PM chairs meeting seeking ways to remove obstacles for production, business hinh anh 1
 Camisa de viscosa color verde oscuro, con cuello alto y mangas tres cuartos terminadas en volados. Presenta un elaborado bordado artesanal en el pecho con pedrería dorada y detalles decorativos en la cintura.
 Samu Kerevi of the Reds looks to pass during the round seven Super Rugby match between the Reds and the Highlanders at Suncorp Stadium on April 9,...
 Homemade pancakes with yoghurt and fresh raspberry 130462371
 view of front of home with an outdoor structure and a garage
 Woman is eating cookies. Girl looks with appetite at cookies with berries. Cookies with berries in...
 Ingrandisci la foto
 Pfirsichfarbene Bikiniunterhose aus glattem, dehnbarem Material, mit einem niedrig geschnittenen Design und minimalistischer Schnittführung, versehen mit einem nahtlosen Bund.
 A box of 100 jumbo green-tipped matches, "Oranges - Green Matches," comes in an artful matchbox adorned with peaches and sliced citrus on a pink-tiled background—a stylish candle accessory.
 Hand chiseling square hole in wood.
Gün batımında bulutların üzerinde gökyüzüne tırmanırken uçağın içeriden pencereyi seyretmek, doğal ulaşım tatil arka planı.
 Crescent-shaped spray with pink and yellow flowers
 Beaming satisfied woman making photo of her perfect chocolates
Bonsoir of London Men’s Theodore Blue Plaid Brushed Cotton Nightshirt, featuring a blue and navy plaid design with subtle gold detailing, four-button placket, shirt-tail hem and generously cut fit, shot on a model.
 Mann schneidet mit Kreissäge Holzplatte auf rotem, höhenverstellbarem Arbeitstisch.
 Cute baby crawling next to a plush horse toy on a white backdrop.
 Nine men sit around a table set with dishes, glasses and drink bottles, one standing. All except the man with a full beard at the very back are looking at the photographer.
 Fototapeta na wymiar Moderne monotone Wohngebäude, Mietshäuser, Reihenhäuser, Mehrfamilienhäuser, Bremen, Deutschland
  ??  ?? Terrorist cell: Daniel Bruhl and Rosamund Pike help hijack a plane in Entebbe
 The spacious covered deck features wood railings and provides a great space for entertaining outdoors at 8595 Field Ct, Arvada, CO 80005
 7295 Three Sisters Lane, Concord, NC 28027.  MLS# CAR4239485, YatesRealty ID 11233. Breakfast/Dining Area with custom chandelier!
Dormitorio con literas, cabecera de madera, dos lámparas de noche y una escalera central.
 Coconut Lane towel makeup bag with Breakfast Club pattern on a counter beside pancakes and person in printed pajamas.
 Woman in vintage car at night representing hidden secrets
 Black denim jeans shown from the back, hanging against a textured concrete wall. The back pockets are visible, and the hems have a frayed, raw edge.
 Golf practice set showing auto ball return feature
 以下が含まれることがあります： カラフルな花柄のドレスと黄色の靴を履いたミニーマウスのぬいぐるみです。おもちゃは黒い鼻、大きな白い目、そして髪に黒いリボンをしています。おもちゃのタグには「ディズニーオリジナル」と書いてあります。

⁂

A word-for-word transcription of all the data is needed.

**TASK ANSWER:**
PM chairs meeting seeking ways to remove obstacles for production, business hinh anh 1
 Camisa de viscosa color verde oscuro, con cuello alto y mangas tres cuartos terminadas en volados. Presenta un elaborado bordado artesanal en el pecho con pedrería dorada y detalles decorativos en la cintura.
 Samu Kerevi of the Reds looks to pass during the round seven Super Rugby match between the Reds and the Highlanders at Suncorp Stadium on April 9,...
 Homemade pancakes with yoghurt and fresh raspberry 130462371
 view of front of home with an outdoor structure and a garage
 Woman is eating cookies. Girl looks with appetite at cookies with berries. Cookies with berries in...
 Ingrandisci la foto
 Pfirsichfarbene Bikiniunterhose aus glattem, dehnbarem Material, mit einem niedrig geschnittenen Design und minimalistischer Schnittführung, versehen mit einem nahtlosen Bund.
 A box of 100 jumbo green-tipped matches, "Oranges - Green Matches," comes in an artful matchbox adorned with peaches and sliced citrus on a pink-tiled background—a stylish candle accessory.
 Hand chiseling square hole in wood.
Gün batımında bulutların üzerinde gökyüzüne tırmanırken uçağın içeriden pencereyi seyretmek, doğal ulaşım tatil arka planı.
 Crescent-shaped spray with pink and yellow flowers
 Beaming satisfied woman making photo of her perfect chocolates
Bonsoir of London Men’s Theodore Blue Plaid Brushed Cotton Nightshirt, featuring a blue and navy plaid design with subtle gold detailing, four-button placket, shirt-tail hem and generously cut fit, shot on a model.
 Mann schneidet mit Kreissäge Holzplatte auf rotem, höhenverstellbarem Arbeitstisch.
 Cute baby crawling next to a plush horse toy on a white backdrop.
 Nine men sit around a table set with dishes, glasses and drink bottles, one standing. All except the man with a full beard at the very back are looking at the photographer.
 Fototapeta na wymiar Moderne monotone Wohngebäude, Mietshäuser, Reihenhäuser, Mehrfamilienhäuser, Bremen, Deutschland
  ??  ?? Terrorist cell: Daniel Bruhl and Rosamund Pike help hijack a plane in Entebbe
 The spacious covered deck features wood railings and provides a great space for entertaining outdoors at 8595 Field Ct, Arvada, CO 80005
 7295 Three Sisters Lane, Concord, NC 28027.  MLS# CAR4239485, YatesRealty ID 11233. Breakfast/Dining Area with custom chandelier!
Dormitorio con literas, cabecera de madera, dos lámparas de noche y una escalera central.
 Coconut Lane towel makeup bag with Breakfast Club pattern on a counter beside pancakes and person in printed pajamas.
 Woman in vintage car at night representing hidden secrets
 Black denim jeans shown from the back, hanging against a textured concrete wall. The back pockets are visible, and the hems have a frayed, raw edge.
 Golf practice set showing auto ball return feature
 以下が含まれることがあります： カラフルな花柄のドレスと黄色の靴を履いたミニーマウスのぬいぐるみです。おもちゃは黒い鼻、大きな白い目、そして髪に黒いリボンをしています。おもちゃのタグには「ディズニーオリジナル」と書いてあります。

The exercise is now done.